Double trouble: can James Gunn really make two separate Batman movies work?
There was a time when having two Batmen in your cinematic universe would have felt like a clerical error. But in James Gunn's brave and bold new DCU, having several Bruce Waynes is increasingly looking less like an irritating glitch and more like a deliberate choice.
Gunn has been clear for some time that he sees no issue with two Caped Crusaders striding into multiplexes at the same time. I have a sneaking suspicion that this is down to the fact that Matt Reeves's The Batman – an insular, noirish, Kurt Cobain-obsessed but relatively real-world take on the Dark Knight – proved pretty popular with audiences just prior to Gunn being handed the keys to the DC kingdom. But who am I to quibble? Sure, this might be a universe destined to feature cavalcades of superheroes who exist in a magical world of shimmering cosplay, but if we can just convince the geek in the street that the Robert Pattinson version of Batman is living in a completely different, gritty David Fincher-esque rat-infested underbelly of Gotham, all will be reasonably well.
We may eventually find ourselves living in a world in which cinematic universes are so desperate to stay flexible (and profitable) that they accommodate multiple versions of the same hero at once, without telling audiences why or how they're different; dooming them to a future of confusion, apathy and narrative fatigue.
The current suggestion is that the Gunn-produced Batman movie The Brave and the Bold, set within the DCU, will most likely hit cinemas in 2028, while Reeves's sequel to The Batman will exist as a DC Elseworlds story in a completely separate creative space called the 'Batman Epic Crime Saga'. Two Dark Knights, two universes, one comic-book brand. We all know it's just smoke, mirrors and strategically deployed multiversal chaos – but the very thought that we might get two decent Caped Crusaders after decades in which it was pretty hard to grab hold of one at a time might just be enough to have the vast majority of us hyperventilating into our cowls with glee. If DC gets it right.
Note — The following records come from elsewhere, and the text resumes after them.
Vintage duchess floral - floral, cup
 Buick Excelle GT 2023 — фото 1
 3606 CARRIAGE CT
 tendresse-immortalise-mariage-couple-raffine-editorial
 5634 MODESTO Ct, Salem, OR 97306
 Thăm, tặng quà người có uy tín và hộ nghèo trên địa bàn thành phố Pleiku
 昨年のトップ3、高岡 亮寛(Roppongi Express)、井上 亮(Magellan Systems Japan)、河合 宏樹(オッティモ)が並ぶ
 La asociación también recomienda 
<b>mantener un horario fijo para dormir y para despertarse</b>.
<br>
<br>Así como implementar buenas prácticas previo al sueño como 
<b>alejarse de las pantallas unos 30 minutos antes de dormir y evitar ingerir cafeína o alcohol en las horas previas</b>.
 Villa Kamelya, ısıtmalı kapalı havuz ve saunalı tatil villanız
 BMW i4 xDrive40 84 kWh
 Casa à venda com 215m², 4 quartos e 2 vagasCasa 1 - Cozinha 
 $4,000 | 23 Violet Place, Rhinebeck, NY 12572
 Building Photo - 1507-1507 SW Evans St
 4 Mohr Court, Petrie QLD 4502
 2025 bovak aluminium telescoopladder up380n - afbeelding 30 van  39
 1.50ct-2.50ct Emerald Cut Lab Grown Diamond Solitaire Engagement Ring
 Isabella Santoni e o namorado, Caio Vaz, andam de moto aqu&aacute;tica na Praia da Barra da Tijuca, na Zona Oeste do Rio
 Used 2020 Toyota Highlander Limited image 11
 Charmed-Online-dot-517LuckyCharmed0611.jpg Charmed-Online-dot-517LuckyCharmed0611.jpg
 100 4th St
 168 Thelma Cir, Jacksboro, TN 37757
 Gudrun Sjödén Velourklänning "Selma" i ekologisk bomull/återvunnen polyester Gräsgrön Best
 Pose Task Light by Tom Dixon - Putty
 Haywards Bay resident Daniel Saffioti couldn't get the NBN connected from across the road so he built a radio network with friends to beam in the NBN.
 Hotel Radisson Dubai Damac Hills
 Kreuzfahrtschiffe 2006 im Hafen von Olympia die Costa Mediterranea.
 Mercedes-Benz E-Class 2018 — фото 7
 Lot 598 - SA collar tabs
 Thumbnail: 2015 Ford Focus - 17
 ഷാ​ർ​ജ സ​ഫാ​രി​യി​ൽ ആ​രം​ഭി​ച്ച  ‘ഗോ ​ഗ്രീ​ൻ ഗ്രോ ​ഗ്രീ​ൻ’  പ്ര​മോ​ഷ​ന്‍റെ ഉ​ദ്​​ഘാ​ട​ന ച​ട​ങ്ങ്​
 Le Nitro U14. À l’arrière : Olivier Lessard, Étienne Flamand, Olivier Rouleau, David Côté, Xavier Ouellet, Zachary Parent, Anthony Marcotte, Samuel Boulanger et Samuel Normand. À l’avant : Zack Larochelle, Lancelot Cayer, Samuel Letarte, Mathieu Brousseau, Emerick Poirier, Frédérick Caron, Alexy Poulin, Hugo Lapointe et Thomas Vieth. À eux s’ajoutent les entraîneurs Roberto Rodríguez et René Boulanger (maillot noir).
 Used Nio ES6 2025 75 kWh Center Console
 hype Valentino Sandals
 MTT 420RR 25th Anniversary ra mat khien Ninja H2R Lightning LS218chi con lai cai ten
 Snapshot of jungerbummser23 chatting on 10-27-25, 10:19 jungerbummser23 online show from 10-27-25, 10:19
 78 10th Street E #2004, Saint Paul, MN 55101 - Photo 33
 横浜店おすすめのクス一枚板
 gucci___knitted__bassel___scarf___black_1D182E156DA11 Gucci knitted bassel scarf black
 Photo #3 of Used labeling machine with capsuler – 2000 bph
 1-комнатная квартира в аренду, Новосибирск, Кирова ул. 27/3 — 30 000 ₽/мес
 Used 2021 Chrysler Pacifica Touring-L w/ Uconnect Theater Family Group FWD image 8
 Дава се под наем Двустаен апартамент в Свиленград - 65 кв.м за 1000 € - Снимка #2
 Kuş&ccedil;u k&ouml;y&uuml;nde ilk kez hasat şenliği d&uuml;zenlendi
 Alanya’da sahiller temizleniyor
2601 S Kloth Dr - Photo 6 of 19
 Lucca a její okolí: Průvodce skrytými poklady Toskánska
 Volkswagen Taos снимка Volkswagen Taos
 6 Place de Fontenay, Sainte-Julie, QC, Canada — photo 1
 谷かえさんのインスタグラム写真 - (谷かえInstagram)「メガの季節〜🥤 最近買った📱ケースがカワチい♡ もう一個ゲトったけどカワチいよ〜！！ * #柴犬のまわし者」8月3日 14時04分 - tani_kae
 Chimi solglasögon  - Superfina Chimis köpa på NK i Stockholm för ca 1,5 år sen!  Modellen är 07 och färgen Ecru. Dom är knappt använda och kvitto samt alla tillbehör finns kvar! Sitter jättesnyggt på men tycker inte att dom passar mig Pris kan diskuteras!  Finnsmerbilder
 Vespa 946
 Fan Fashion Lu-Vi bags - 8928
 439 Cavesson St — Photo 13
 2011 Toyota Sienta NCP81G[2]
Gunn has been out and about (mostly online) this week as we ramp up to the release of Superman in cinemas, and the most interesting thing he's had to say is that there's no reason Batman villains can't appear in both versions of the Dark Knight's story. 'There's no diehard rule,' Gunn said on Threads, in response to a fan. He also added: 'But both the Crime Saga and DCU are a part of DC Studios, so we of course take everything into account.'
This doesn't mean Barry Keoghan's Joker will appear in both The Batman Part II and The Brave and the Bold, but it does suggest that the firewall between Elseworlds and the mainline DCU is not exactly steel-reinforced. If Reeves's rogues' gallery proves too popular, don't be surprised if they start quietly migrating into Gunn's continuity like confused tourists who've wandered into the wrong Batcave.
And then there are Gunn's comments in an interview with Rolling Stone that he's not hoping to make The Brave and the Bold's Dark Knight into a 'funny, campy Batman' because this simply doesn't interest him. It's a line that might make us collapse into a nostalgia coma for the days when George Clooney's nipples were at least trying something different. So just how does Gunn make this new Caped Crusader stand out? Perhaps this is why reports suggest that the new DCU big cheese has refused to sign off on a script for The Brave and the Bold until it's absolutely perfect. In fact, this is supposedly the Guardians of the Galaxy director's new mantra for the DCU: that most of Hollywood's superhero-based failures over the past few decades have been down to poor scripts that were never properly finished – and that he's determined not to repeat these mistakes.
Insisting on a perfect screenplay is an undeniably noble ambition, especially in a genre where entire billion-dollar franchises have been stitched together from studio notes, deleted scenes and vibes. And yet if Gunn really does believe that two Batmen can coexist peacefully in the same cultural sphere without making audiences feel as if they've accidentally watched the same film twice, it's possible he's never seen The Illusionist or The Prestige, and had to spend time trying to explain to a confused family member which one actually had Paul Giamatti in it.